Tijdzones zijn gebieden van de aarde waarop een bepaalde standaardtijd wordt waargenomen. De afbakening van tijdzones is meestal gebaseerd op de nationale grenzen waar ze doorheen lopen. Verschillende tijdzones gebruiken de Coordinated Universal Time als hun referentiepunt. Het waarnemen van de positie van de zon is de oudste manier om de tijd te identificeren en gaat terug naar het prehistorische tijdperk. Met behulp van deze methode was de dag verdeeld in drie perioden, zonsopgang, middag en zonsondergang.

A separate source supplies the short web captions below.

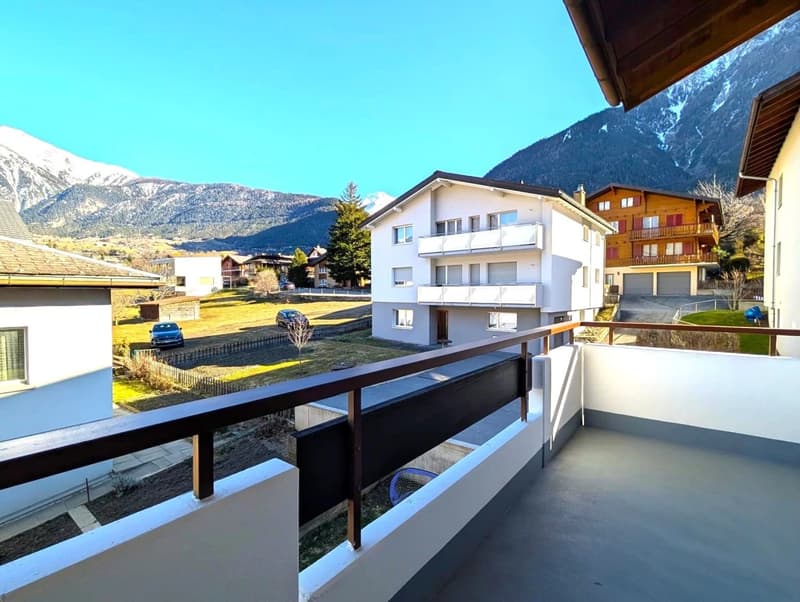 Balcony, mountain view, white exterior, brown roof, fenced yard, cars parked
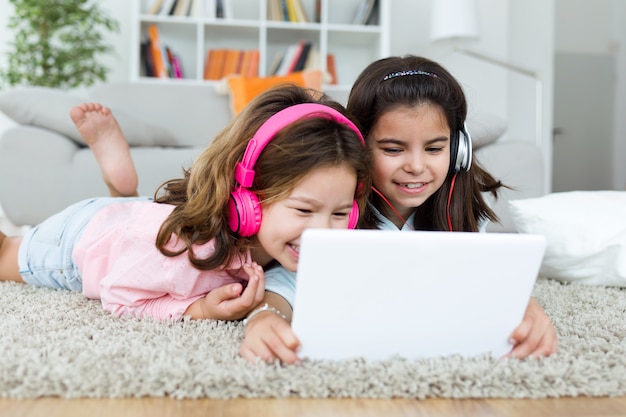 Mooie jonge zussen luisteren naar muziek met digitale tablet a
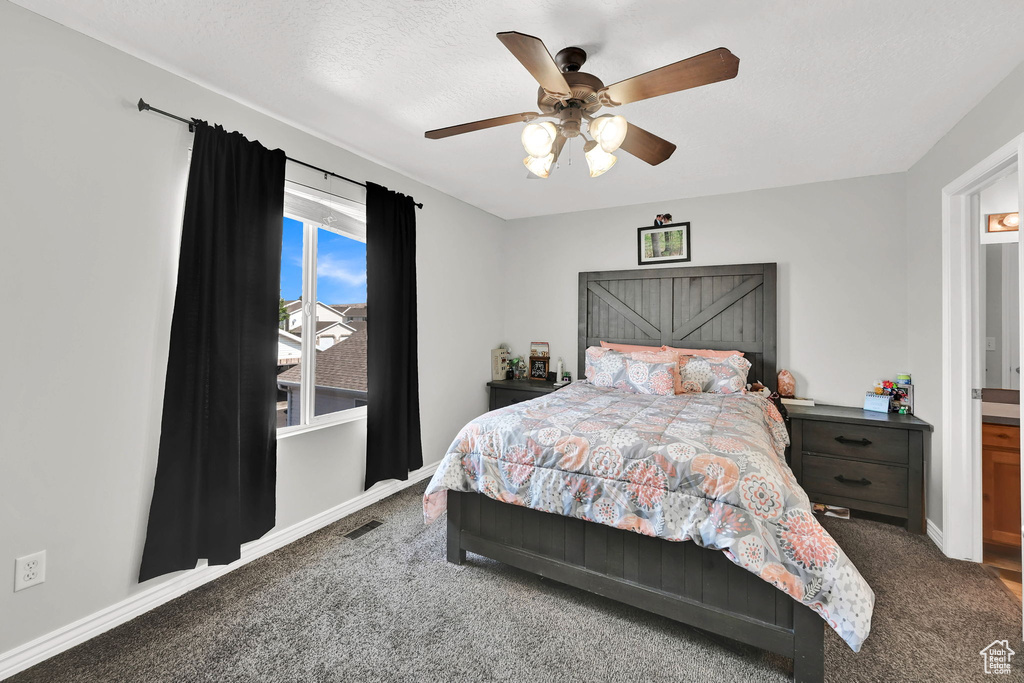 Carpeted bedroom featuring baseboards and a ceiling fan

Geschiedenis van Tijdwaarneming
Zonnewijzers waren enkele van de eerste apparaten die werden gemaakt om de tijd te bepalen. Deze apparaten gebruikten wat bekend staat als schijnbare zonnetijd, maar dit varieerde over de hele wereld omdat het werd beïnvloed door de lengtegraden. Vanwege hun afhankelijkheid van de zon, zonnewijzers en andere soortgelijke apparaten waren niet-functioneel tijdens bewolkte dagen. De vroege 19e eeuw zag het populaire gebruik van mechanische klokken, en in tegenstelling tot oudere apparaten, deze waren onafhankelijk van de zon en gebruikte gemiddelde zonnetijd. Groot-Brittannië introduceerde de Greenwich Mean Time in de late 17 eeuw, als een standaard waarop zeevarenden zouden verwijzen naar de tijd. Tot deze periode hadden verschillende landen in de wereld hun eigen individuele tijdzones. De industriële revolutie bracht nieuwe innovaties met zich mee, zoals de stoommachine, en bijgevolg de spoorweg, evenals de telegraaf. Deze innovaties verbond de wereld met elkaar, waardoor informatie over grote afstanden kon worden overgedragen. Tijdregistratie was echter een groot probleem aan het worden, waardoor ongemakken werden veroorzaakt doordat klokken verschillende tijden in verschillende regio's doorlezen, wat werd veroorzaakt door het verschil van vier minuten voor elke graad die in lengtegraad werd gewijzigd. De nieuwe industriële wereld vereiste een standaardtijdzone. Spoorwegmaatschappijen, die vooral beïnvloed werden door het gebruik van lokale zonnetijd, moesten eerst een standaardtijd vaststellen.
Oorsprong van tijdzones
De eerste van deze bedrijven was Great Western Railway, die een standaardtijd in 1840 hanteerde. Tegen december 1848 hadden alle grote spoorwegmaatschappijen in Groot-Brittannië voldaan aan en vastgesteld wat de spoorwegtijd werd genoemd, die was gebaseerd op de Greenwich Mean Time. De transmissie van signalen van de in Greenwich gevestigde Royal Observatory naar treinstations in het land werd voor het eerst bereikt in augustus 1852 via een telegraaf. Groot-Brittannië moest echter nog niet officieel de populaire Greenwich Mean Time vestigen, die halverwege de 17 eeuw werd gebruikt in vrijwel alle openbare klokken door het hele land.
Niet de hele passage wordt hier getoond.